There is a certain anonymity associated with Dennis Coffey’s illustrious career. As the guitarist for The Funk Brothers, Motown Records’ house band, Coffey’s distinctive wah-wah sound was prominent on much of the label’s legendary output in the late ’60s and early ’70s (think The Temptations’ incendiary “Psychedelic Shack” and “Cloud Nine”). As a solo artist, the Detroit resident’s lone megahit with his Detroit Guitar Band, 1971’s “Scorpio” (which has been sampled by Public Enemy, Rage Against the Machine, Queen Latifah and dozens more), was followed by a handful of regional hits with similar sonic potential that didn’t quite pack the same widespread commercial punch.

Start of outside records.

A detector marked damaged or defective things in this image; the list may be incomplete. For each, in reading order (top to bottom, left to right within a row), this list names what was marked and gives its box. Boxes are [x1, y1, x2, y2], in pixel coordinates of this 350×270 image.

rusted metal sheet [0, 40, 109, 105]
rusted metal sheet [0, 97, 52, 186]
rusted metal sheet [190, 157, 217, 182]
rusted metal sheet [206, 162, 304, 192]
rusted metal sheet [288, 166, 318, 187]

Thankfully, Coffey does not toil in obscurity. He gigs fairly consistently, around Detroit and beyond; and played and sat in on several shows at this year’s South by Southwest Festival.

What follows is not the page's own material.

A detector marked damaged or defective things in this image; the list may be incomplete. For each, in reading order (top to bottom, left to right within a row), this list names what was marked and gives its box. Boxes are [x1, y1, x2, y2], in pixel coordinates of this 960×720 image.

Coffey’s recent eponymous solo album is his first album of new/newly recorded material in five years. For this potent new work, Coffey attacked an interesting collection of freshly written songs, then eventually reworked a few timeless classics he had contributed to back in the day, including Funkadelic’s “I Bet You,” 100 Proof Aged in Soul’s “Somebody’s Been Sleeping” and Wilson Pickett’s “Don’t Knock My Love.” While most of Coffey’s solo catalog is comprised of funky, soulfully slinky instrumentals, he peppered the new album with several vocal numbers and enlisted young talents to provide the words, including Mayer Hawthorne, Paulo Nutini, the BellRays’ Lisa Kekaula, the Detroit Cobras’ Rachel Nagy, Orgone’s Fannie Franklin and the Dirtbombs’ Mick Collins (Kings Go Forth occasionally appear as Coffey’s backing band).

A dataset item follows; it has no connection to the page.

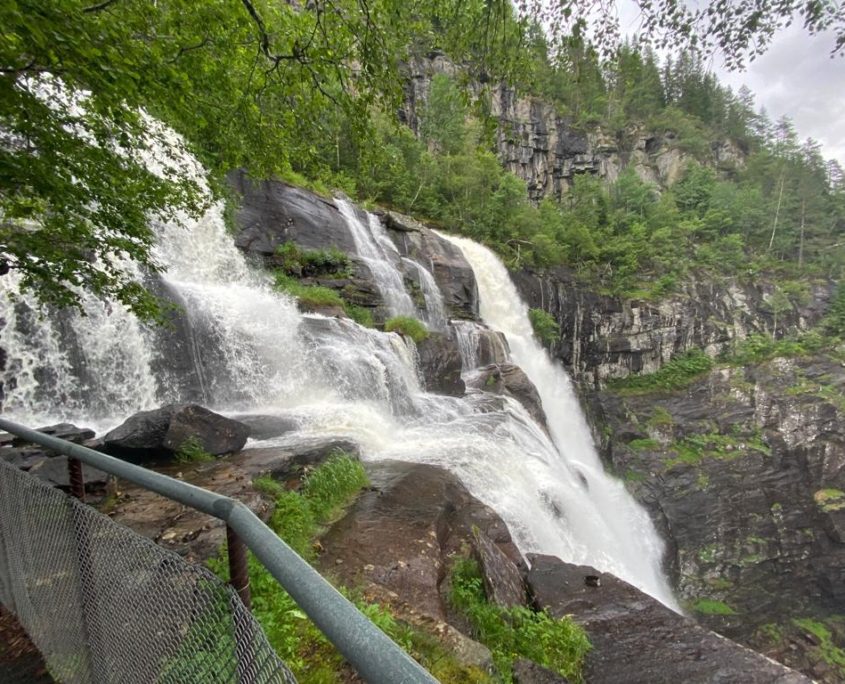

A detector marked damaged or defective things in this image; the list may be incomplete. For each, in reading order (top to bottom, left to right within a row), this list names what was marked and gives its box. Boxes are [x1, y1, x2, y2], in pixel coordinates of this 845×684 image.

rusty metal post [67, 456, 85, 500]
rusty metal post [226, 524, 249, 608]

The vocal and musical collaborations are a fascinating combination of timeless classicism and contemporary verve, with Coffey wisely following the stylistic lead of his studio guests, who themselves symbiotically understand Coffey’s iconic importance. As a result, the album doesn’t come off as Coffey’s desperate attempt to attract listeners through formulaic trend absorption. Instead, it reveals his uncanny knack for finding the commonalities between Dennis Coffey’s groundbreaking work in the ’60s and ’70s and the compelling contemporary sounds that he helped to shape with that same work, the influence of which will continue to ripple through music for many years to come.